# TASK
What is needed is an exact copy of every entry, without the pictures.

[[ DATA EXTRACT, beginning ]]

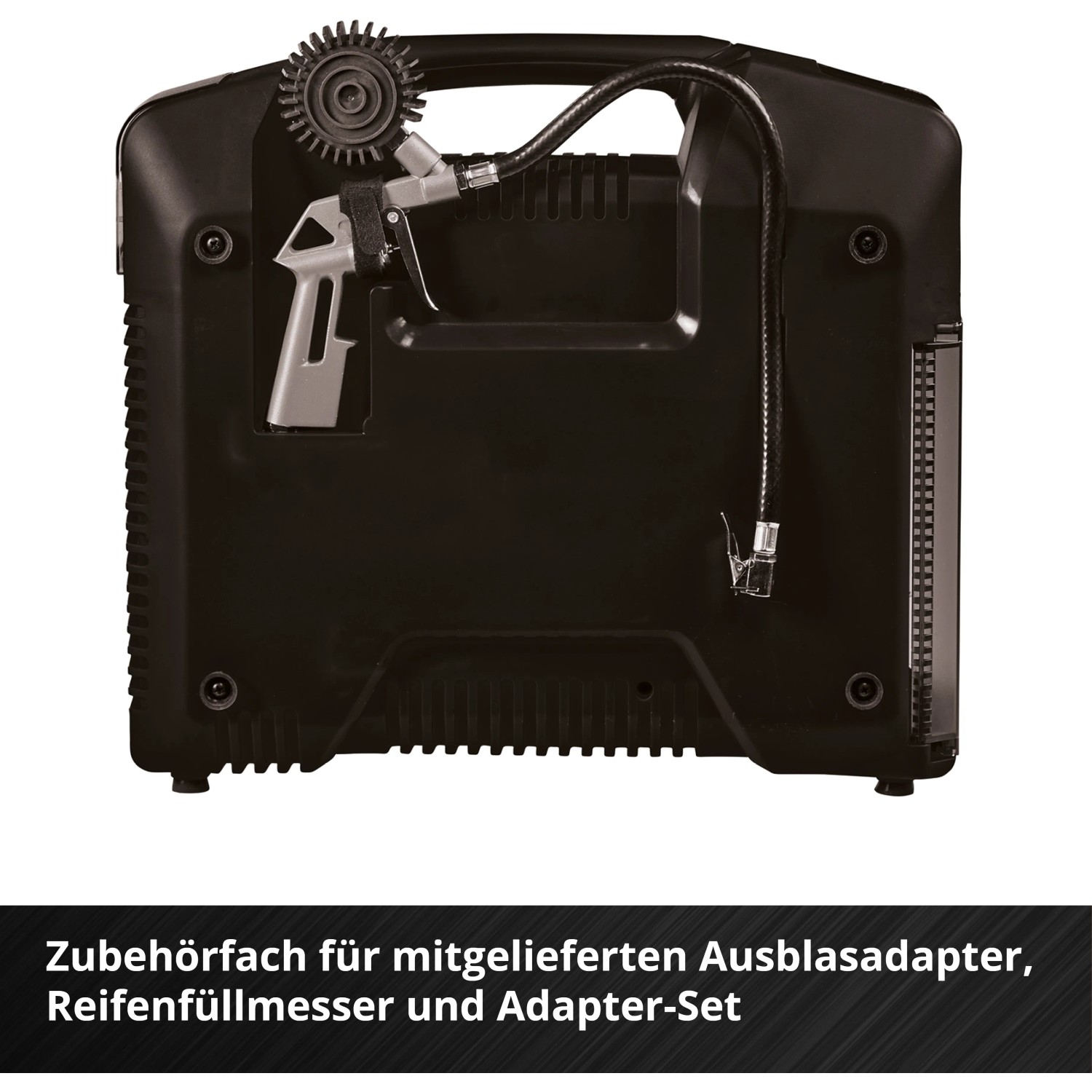 Einhell Akku-Kompressor TE-AC 36/8 Li OF Solo im Koffer mit Zubehör wie Reifenfüller und Ausblaspistole.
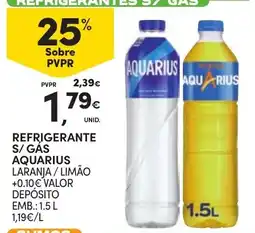 Continente refrigerante s/ gas aquarius laranja / limão promoção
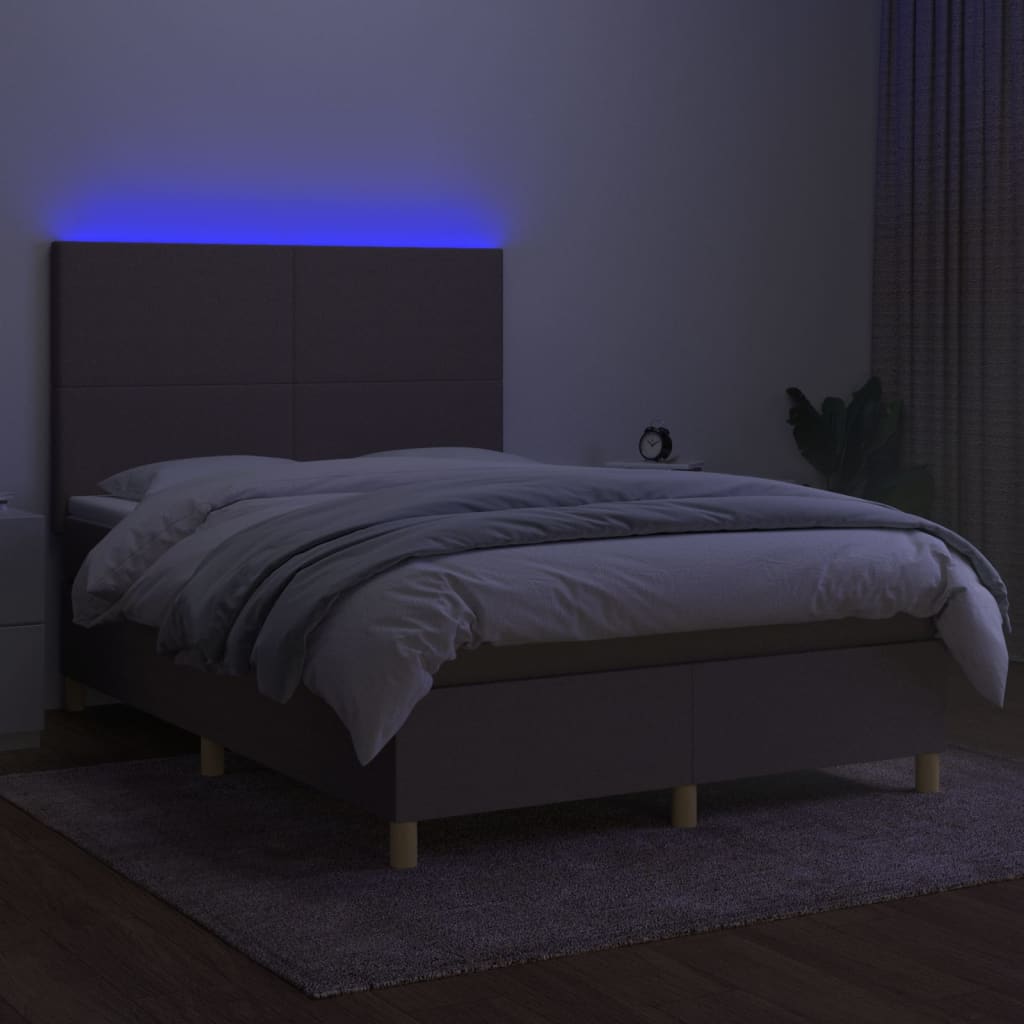 Federbett mit taubengrauer Matratze und LED 140x190 cm aus Stoff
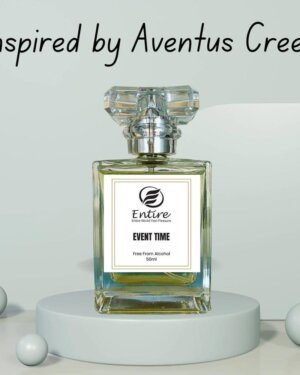 The perfume in the image is called "Event Time" by the brand "Entire". It is described as being inspired by Creed Aventus and is free from alcohol, with a 50ml volume.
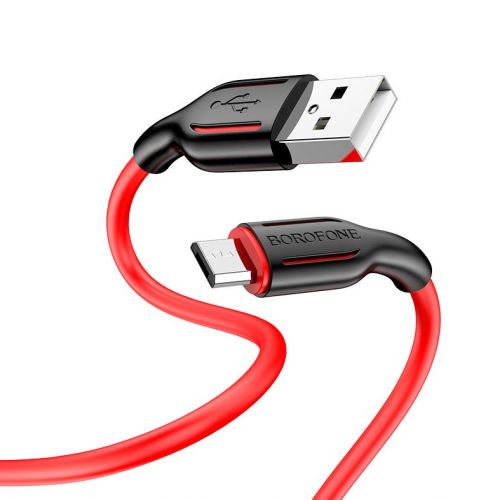 Кабель USB-Micro USB BOROFONE BX63 Charming 2.4A 1м черно-красный оптом, в розницу Центр Компаньон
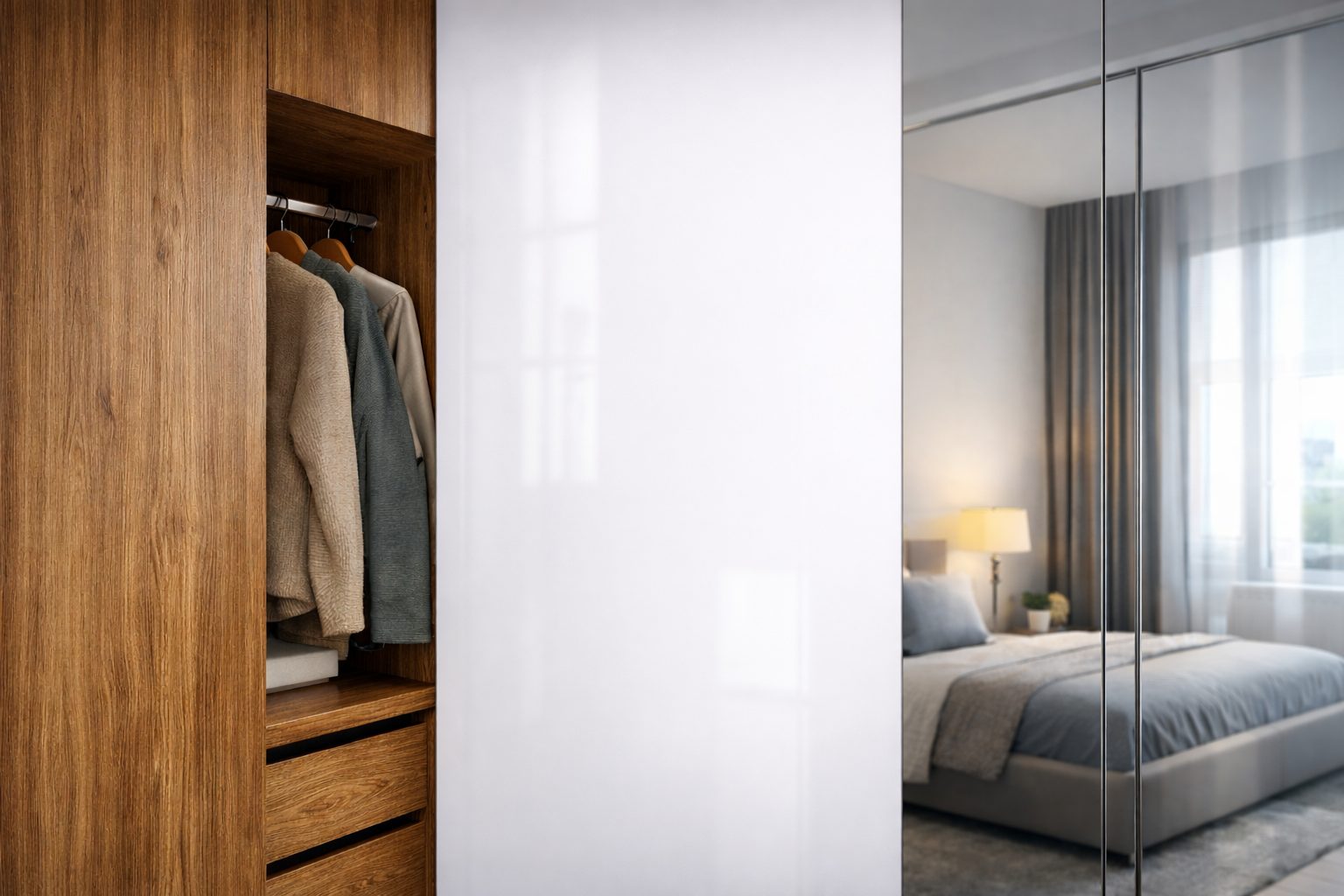 Vstavané skrine materiály – porovnanie lamino, MDF a zrkadlo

[[ DATA EXTRACT, end ]]

# TASK RESULT
 Einhell Akku-Kompressor TE-AC 36/8 Li OF Solo im Koffer mit Zubehör wie Reifenfüller und Ausblaspistole.
 Continente refrigerante s/ gas aquarius laranja / limão promoção
 Federbett mit taubengrauer Matratze und LED 140x190 cm aus Stoff
 The perfume in the image is called "Event Time" by the brand "Entire". It is described as being inspired by Creed Aventus and is free from alcohol, with a 50ml volume.
 Кабель USB-Micro USB BOROFONE BX63 Charming 2.4A 1м черно-красный оптом, в розницу Центр Компаньон
 Vstavané skrine materiály – porovnanie lamino, MDF a zrkadlo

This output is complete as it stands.